The natural history and prognosis are not well known. Local spread does occur as the tumor invades into dermal structures then into adjacent organs.3 There are limited case reports of metastases to lymph nodes.6,23 However, because of disrupted lymphatics, there is no clear role for sentinel lymph node biopsy. While some reports claim an indolent course after diagnosis, others describe almost 100% mortality within one year.2 It is probable these disparate histories correlate more with histologic subtypes rather than the management approach.
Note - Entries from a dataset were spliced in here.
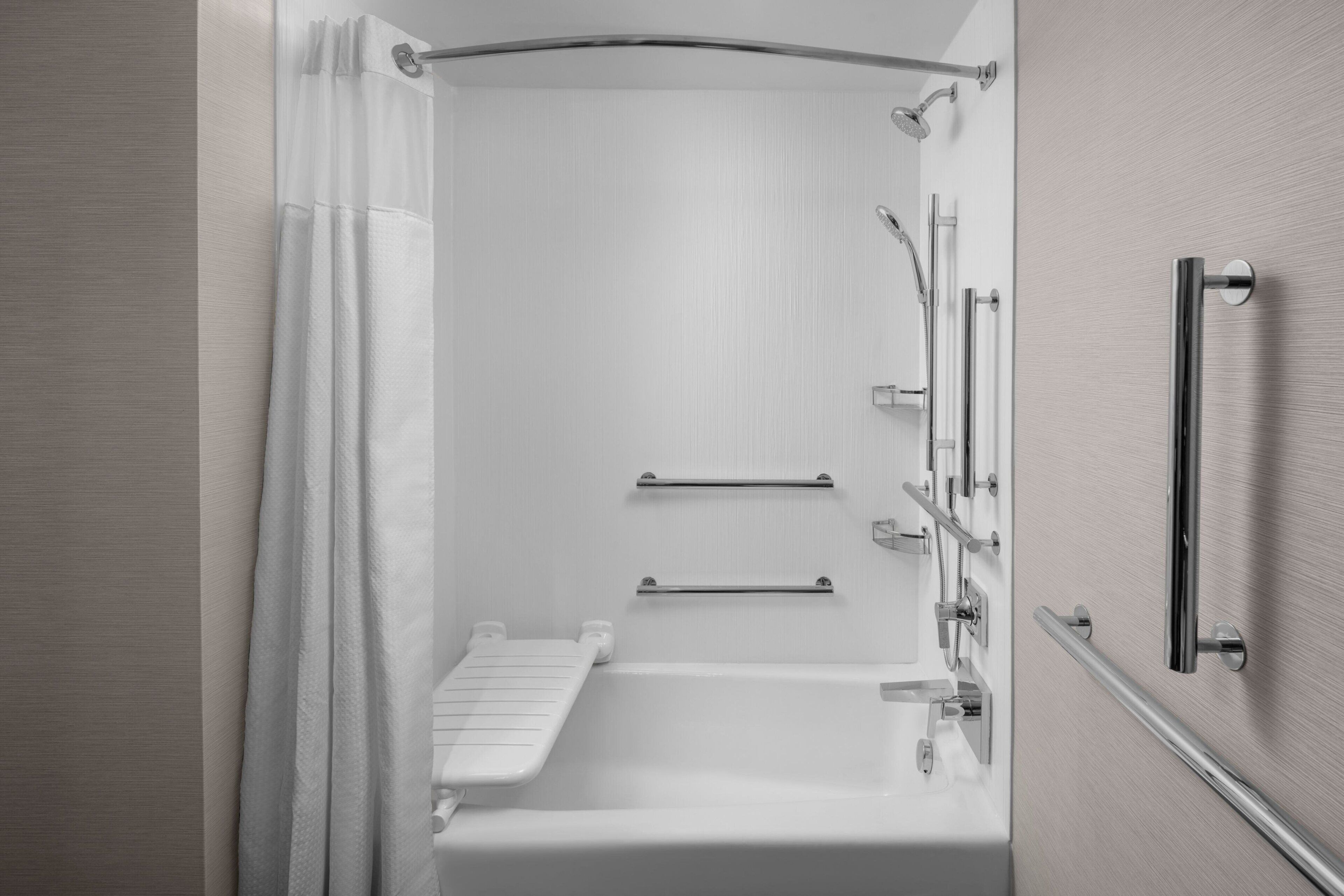 A modern bathroom with a walk-in shower, grab bars, and a towel rack.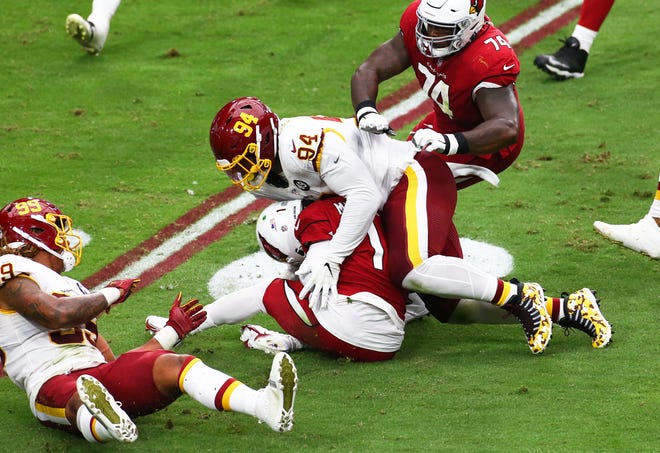 Washington Commanders nose tackle Daron Payne (94) dismisses Arizona quarterback Kyler Murray during a 2020 game in Glendale, Ariz.  Payne and the rest of the Commanders defensive line will put a tremendous test on the revised Jaguars offensive line on Sunday.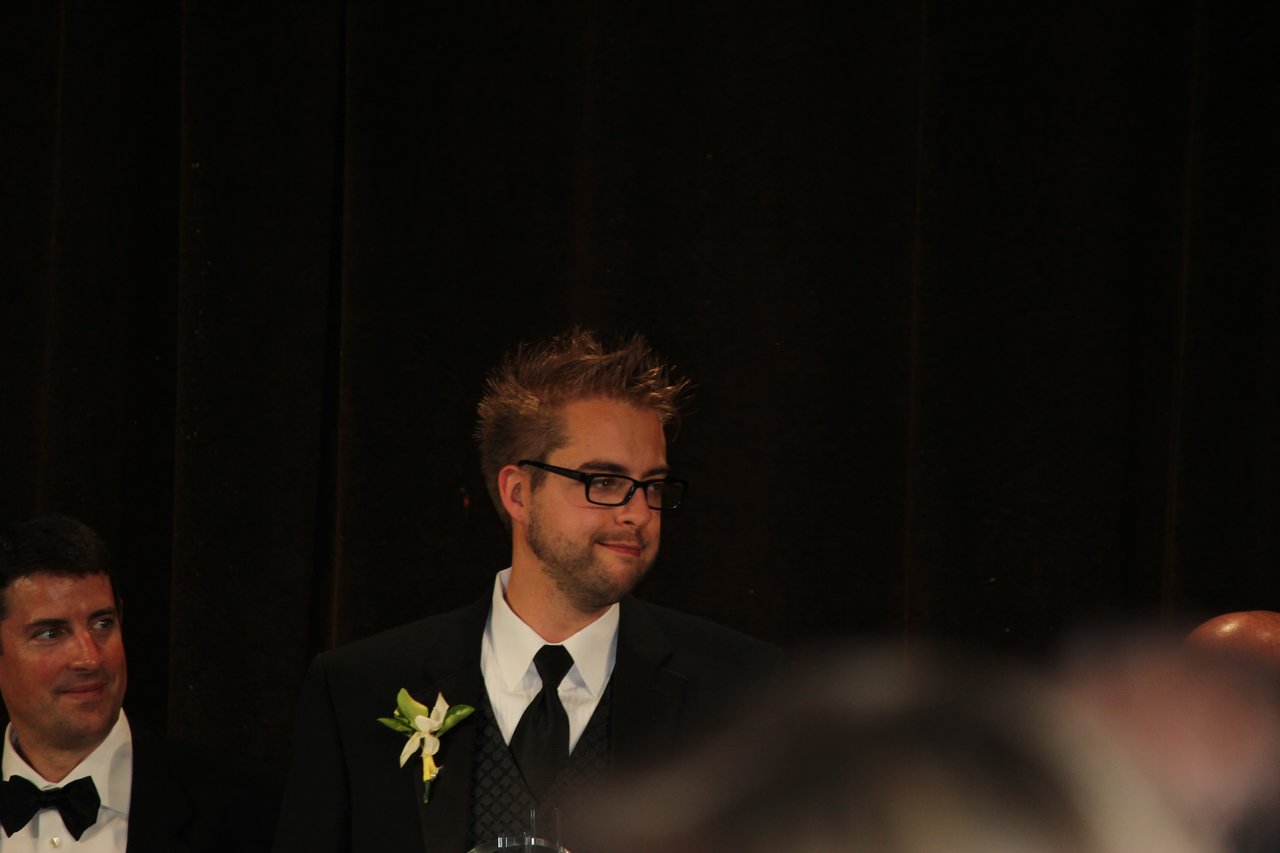 A man in a suit with a boutonniere stands at an award banquet, looking to the side.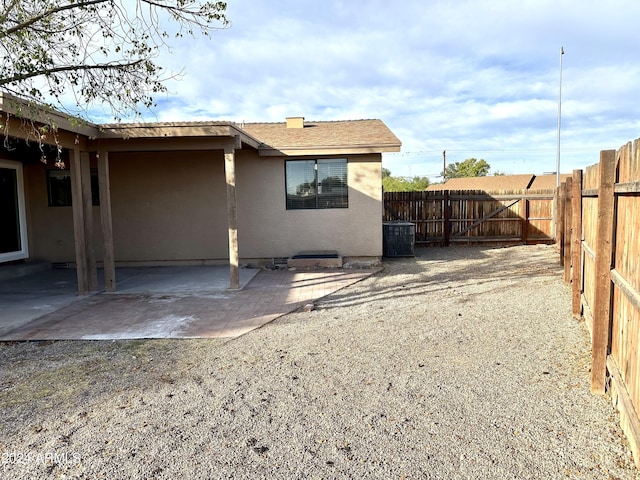 rear view of house with a patio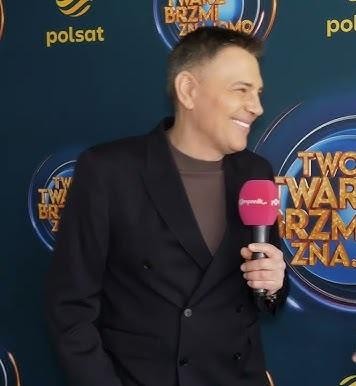 Krzysztof Ibisz w studiu telewizyjnym, energicznie prowadzący program, z uśmiechem i światłami w tle.
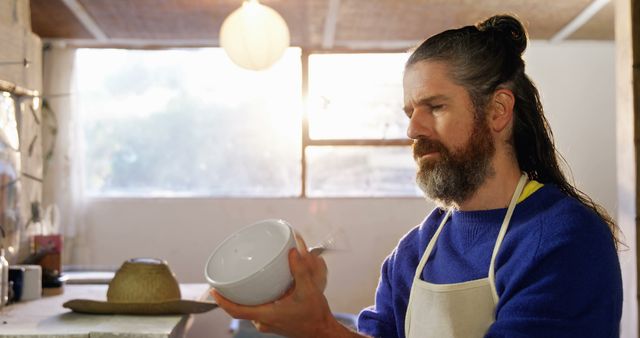 Middle-aged Man in Apron Inspecting Ceramic Bowl in Crafts Workshop - Download Free Stock Images Pikwizard.com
Regardless of the subtype, APR was historically considered the standard of care, particularly after early case series reported high likelihood of local recurrence.24 Sphincter-sparing wide local excision can be considered, particularly in the elderly, but long-term outcomes are not known.25 In this case, when malignant transformation arose in the setting of chronically inflamed tissue and was grossly separate from the anal duct, definitive diagnosis and management was achieved with wide local excision to negative margins. This treatment approach can be further substantiated by the favorable prognosis associated with the similar management of ileostomy-associated mucinous adenocarcinoma.22
The roles for neoadjuvant and adjuvant therapy are also unclear. Generally, locoregional recurrence carries a poor prognosis in rectal cancer with some case series suggesting a similar outcome for perianal adenocarcinoma.6,26,27 Intestinal adenocarcinomas are sensitive to chemoradiotherapy, which has been validated in rectal cancer to reduce locoregional recurrence.27,28 Likewise, adjuvant chemoradiotherapy can be used in perianal adenocarcinoma associated with fistula in ano with the goal to reduce locoregional recurrence and improve survival; prospective data regarding this recommendation are needed.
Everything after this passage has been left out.